DIRECTIONS: Give the lines again exactly as they appear, beginning at the one with "Cremieux Shorts Arnold" and ending at the last line of the records.

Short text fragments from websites

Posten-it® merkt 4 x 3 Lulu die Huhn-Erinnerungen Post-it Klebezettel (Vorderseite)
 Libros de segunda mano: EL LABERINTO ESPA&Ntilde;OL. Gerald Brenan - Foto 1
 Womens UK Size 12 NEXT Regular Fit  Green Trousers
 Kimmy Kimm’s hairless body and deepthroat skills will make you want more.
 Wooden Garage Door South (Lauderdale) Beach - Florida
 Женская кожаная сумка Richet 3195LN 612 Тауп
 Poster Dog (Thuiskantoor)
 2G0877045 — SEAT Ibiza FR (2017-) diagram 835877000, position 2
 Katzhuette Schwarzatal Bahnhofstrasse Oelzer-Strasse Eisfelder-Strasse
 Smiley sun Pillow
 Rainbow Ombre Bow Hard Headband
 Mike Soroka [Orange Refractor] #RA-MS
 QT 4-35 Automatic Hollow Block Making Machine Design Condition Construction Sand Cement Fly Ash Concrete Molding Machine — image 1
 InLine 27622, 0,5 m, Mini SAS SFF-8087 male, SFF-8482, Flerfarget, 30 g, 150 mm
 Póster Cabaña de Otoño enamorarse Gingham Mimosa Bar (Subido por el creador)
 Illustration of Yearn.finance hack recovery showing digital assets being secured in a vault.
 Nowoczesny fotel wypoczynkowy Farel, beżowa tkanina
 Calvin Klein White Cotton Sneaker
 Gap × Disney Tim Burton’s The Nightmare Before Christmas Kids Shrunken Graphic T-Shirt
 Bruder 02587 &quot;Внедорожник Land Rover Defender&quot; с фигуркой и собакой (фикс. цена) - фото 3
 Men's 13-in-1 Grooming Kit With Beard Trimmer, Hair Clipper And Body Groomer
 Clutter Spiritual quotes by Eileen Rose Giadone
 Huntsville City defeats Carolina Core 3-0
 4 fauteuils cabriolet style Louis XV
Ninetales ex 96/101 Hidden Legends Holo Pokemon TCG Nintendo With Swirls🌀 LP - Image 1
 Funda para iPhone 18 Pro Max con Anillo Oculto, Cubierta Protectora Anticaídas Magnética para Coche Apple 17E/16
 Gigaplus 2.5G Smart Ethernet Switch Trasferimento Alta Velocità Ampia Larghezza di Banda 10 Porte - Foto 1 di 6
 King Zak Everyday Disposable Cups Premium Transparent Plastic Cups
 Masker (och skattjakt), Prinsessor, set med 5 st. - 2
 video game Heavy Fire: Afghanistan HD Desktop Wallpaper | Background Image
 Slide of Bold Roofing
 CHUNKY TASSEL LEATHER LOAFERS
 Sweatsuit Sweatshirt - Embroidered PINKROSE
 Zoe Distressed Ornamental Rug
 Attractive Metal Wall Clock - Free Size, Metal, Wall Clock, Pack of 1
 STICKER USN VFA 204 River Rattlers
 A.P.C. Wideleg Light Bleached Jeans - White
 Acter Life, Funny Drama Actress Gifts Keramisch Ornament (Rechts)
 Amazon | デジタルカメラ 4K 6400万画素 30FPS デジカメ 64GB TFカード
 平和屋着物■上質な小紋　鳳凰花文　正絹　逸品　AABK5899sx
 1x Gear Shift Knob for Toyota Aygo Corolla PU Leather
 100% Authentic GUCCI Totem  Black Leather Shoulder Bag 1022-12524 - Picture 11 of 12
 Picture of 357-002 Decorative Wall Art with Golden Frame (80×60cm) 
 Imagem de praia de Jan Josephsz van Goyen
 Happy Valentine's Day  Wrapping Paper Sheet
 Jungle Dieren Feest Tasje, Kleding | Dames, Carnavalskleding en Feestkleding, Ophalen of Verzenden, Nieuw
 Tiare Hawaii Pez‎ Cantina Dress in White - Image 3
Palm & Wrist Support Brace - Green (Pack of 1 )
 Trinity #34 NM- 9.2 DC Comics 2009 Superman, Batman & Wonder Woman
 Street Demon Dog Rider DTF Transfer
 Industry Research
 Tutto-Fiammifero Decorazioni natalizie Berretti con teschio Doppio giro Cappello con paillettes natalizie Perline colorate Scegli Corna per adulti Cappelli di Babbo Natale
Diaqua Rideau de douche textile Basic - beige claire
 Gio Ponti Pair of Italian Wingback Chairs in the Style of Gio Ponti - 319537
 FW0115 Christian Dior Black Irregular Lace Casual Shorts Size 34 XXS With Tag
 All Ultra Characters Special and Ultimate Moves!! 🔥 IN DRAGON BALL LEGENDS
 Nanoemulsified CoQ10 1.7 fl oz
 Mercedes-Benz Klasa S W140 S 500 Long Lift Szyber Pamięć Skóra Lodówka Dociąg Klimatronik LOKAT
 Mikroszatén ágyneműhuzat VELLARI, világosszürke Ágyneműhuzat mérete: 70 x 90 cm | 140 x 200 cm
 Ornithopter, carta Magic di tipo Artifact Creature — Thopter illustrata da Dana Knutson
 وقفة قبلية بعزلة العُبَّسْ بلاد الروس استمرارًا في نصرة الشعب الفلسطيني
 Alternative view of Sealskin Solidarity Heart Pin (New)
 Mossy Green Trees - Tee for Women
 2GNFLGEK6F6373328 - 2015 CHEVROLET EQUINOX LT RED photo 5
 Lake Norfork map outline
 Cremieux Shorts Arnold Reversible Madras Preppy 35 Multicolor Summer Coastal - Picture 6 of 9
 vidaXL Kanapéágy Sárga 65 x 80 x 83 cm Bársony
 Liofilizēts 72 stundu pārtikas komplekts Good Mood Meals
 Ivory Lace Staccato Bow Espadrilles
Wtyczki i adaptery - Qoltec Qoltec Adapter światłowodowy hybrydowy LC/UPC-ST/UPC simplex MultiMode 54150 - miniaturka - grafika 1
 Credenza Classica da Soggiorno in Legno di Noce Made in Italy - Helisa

TASK OUTPUT:
 Cremieux Shorts Arnold Reversible Madras Preppy 35 Multicolor Summer Coastal - Picture 6 of 9
 vidaXL Kanapéágy Sárga 65 x 80 x 83 cm Bársony
 Liofilizēts 72 stundu pārtikas komplekts Good Mood Meals
 Ivory Lace Staccato Bow Espadrilles
Wtyczki i adaptery - Qoltec Qoltec Adapter światłowodowy hybrydowy LC/UPC-ST/UPC simplex MultiMode 54150 - miniaturka - grafika 1
 Credenza Classica da Soggiorno in Legno di Noce Made in Italy - Helisa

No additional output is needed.